Solve the BVP $$\begin{cases} u''+a^2u=sin\pi x, \quad 0<x<1 \\ u(0)=1,\quad u(1)=-2 \end{cases}$$
for all $a\in\mathbb{R}$. What are the solutions in the cases $a=\pm\pi$?
Here, $'=\frac{du}{dx}$. I know I need the characteristic function, which I get $r^2+a^2=0\implies r=\pm ai$. Then the complementary solution is, $$u_c=C_1e^{ai*t}+C_2e^{-ai*t}$$
On
If you do not know about integral transforms and Green's functions go and learn it. But Here is the way of avoiding this stuff for your concrete problem: $$y''+a^{2}y=f(x)$$ You note that $$y''+a^{2}y=\frac{d}{dt}(y'+iay)-ia(y'+iay)$$ Now let $$\xi(x)=y'+iay$$ Hence $$\xi'-ia\xi=f(x)$$ Using the integrating factor $$\xi(x)=\frac{d}{dx}y+aiy=e^{aix}\Big\{\int_{0}^{x}f(z)e^{-aiz}dz+\xi_{0}\Big\}$$ Using the integrating factor the second time you get $$y(x)=e^{-aix}\Big\{\int_{0}^{x}e^{2aiw}\Big\{\int_{0}^{w}f(z)e^{-aiz}dz+\xi_{0}\Big\}dw+x_{0}\Big\}$$ Then do the integrals)
HINT:
Since the homogeneous solutions to the ODE $u''+\pi^2 u=\sin(\pi x)$ are of the form $u_h=A\sin(\pi x)+B\cos(\pi x)$, try complementary solutions of the form $u_c=Cx\sin(\pi x)+Dx\cos(\pi x)$.

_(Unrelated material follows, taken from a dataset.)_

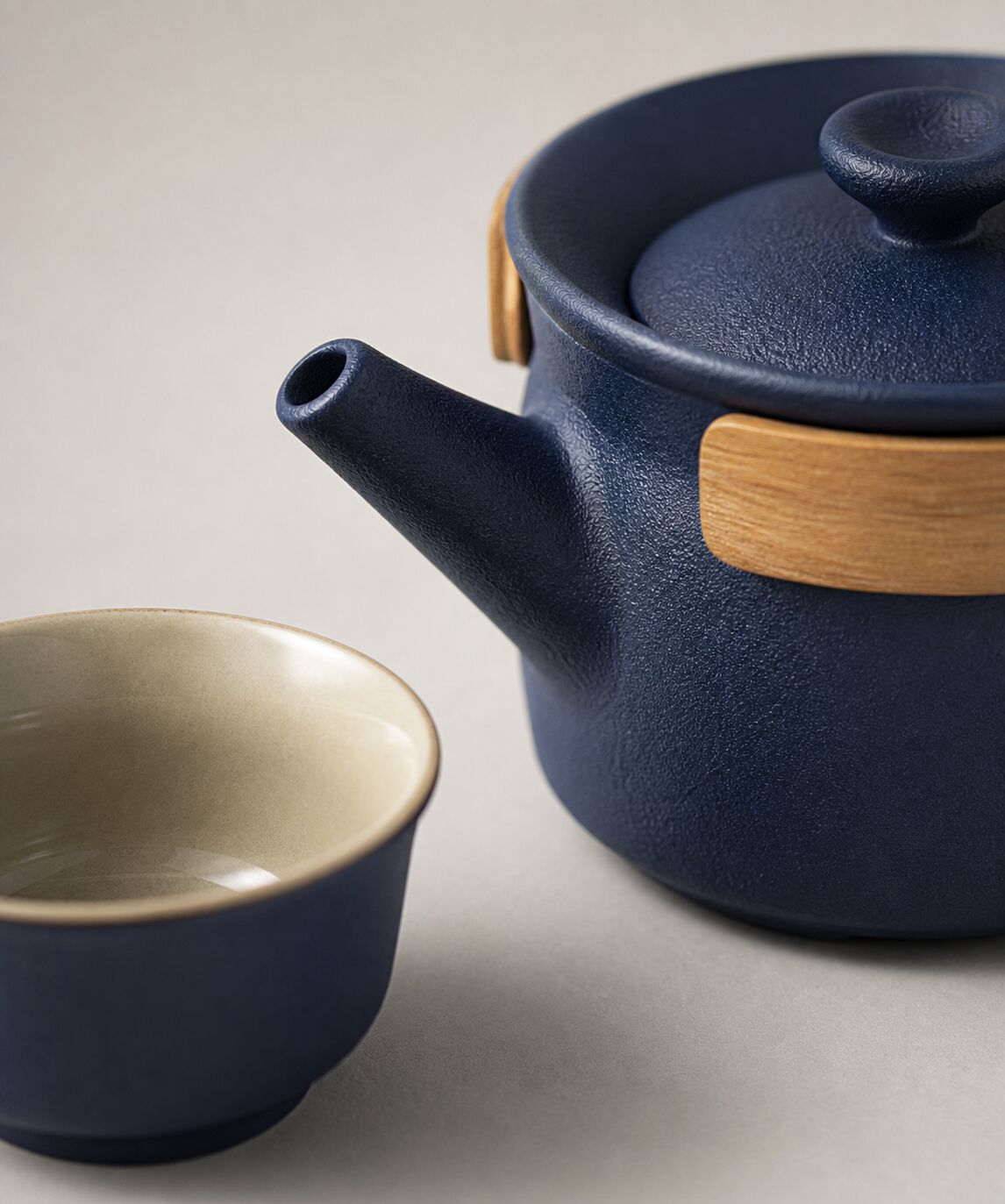 <p><strong>Matte Ceramic, Warm Bamboo, Refined Texture</strong></p>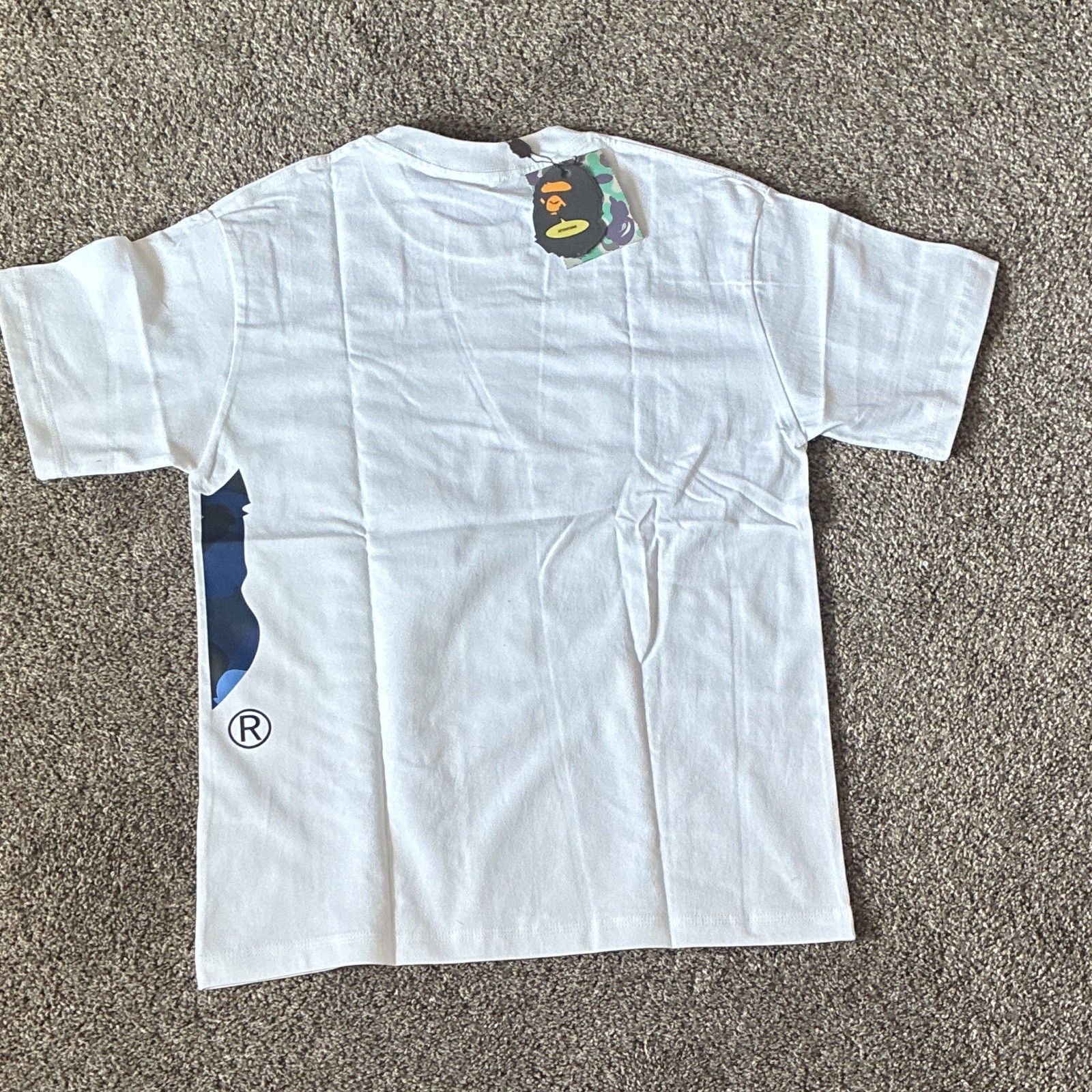 A Bathing Ape BAPE Men’s M Crew Neck Short Sleeve Ape Head Graphic Tee White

Alternatively, use Laplace Transforms.
Alternatively, find the Green (or Green's) function for the problem
$$G''(x,x')+\pi^2 G(x,x')=\delta(x-x')$$
with $G(0,x')=1$, $G(1,x')=-2$, $G$ is continuous at $x=x'$, and $\left.\frac{\partial G}{\partial x}\right|_{x=x'^+}-\left.\frac{\partial G}{\partial x}\right|_{x=x'^-}=1$ and integrate.